Lumberjanes #31

Lumberjanes #31

Although well into the series, which launched two-and-a-half years ago, this issue keeps its eye on several key features that make Lumberjanes so appealing. Issue #31 is written by Shannon Watters & Kat Leyh and drawn by Carey Pietsch.

First, there’s the teamwork. The girls are facing off against a giant bird with medusa-like powers to turn anyone who sees it into stone, accompanied by Diane, a teen goddess exiled from Olympus, and Ligo, a Gorgon. They have to work together to defeat the enemy, and even Diane, who is prickly (given her family, who can blame her?) and has selfish motivations, is won over. Spending time with the other campers has caused her to develop loyalty to them. That’s the heartwarming core of the issue, seeing these women recognize and celebrate friendship.

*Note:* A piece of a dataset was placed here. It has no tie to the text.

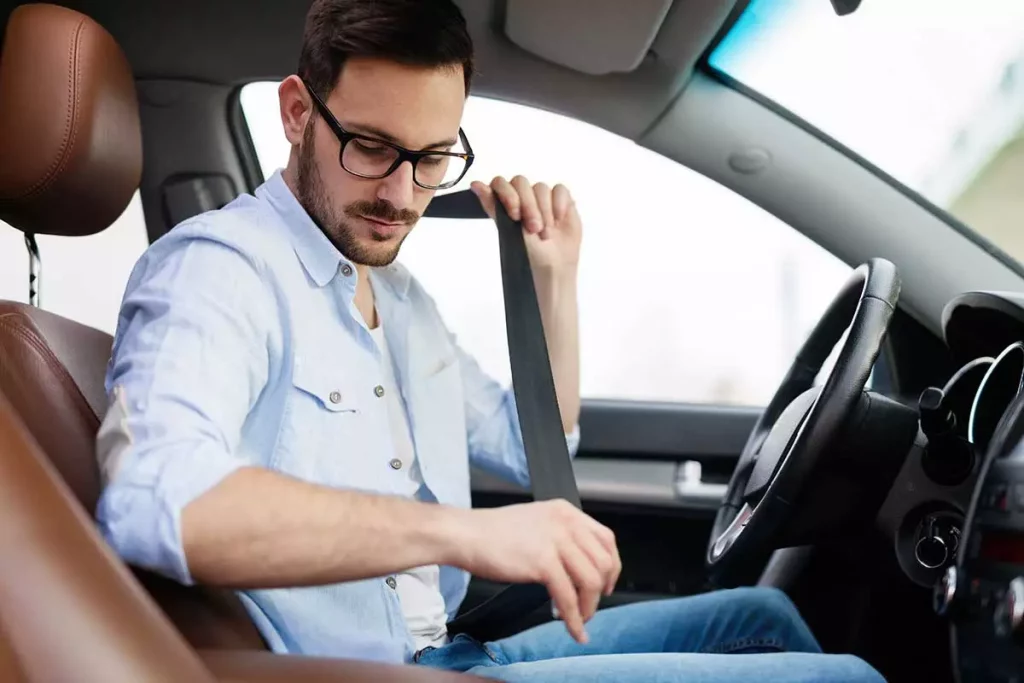 La Dgt Apuesta Por La Tecnología Para Salvar Vidas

Then there’s the fantasy. Together, these scouts encounter all kinds of crazy adventures and creatures, but they win through together. It’s a bit odd to see a Gorgon in a camp bonding story, but heck, there have already been mermaids and magical kitties and dimensional travel and a whole flock of other supernatural beings. At this point, Diane and her struggles are just a callback to the early issues.

Lumberjanes #31

Cover by Kat Leyh

I appreciate the storytelling. Between seeing the characters fumble around with eyes closed, due to the nature of the threat, yet still determined and fighting (and still able to find each other due to friendship), and the gag inherent in the plan — “I need you all to … be as annoying and distracting as possible” — this is funny and exciting.

I actually prefer Pietsch’s art to the original designs by Brooke Allen, because Allen’s characters were almost in different art styles. Pietsch is true to the characters as established, but they all fit together better as she’s smoothed out the rough edges.

I’ve found myself avoiding long series runs these days, because they risk creating complacency in me as they keep doing what they’re doing, but Lumberjanes is a great counter-argument to that pattern. By bringing in different creative teams to work within the overall concept, which is flexible enough for various themes and directions, the series stays fresh. I love the characters and still want to know more about them, particularly when we get hints of their homes lives and backgrounds before they all came to camp. (The publisher provided a digital review copy.)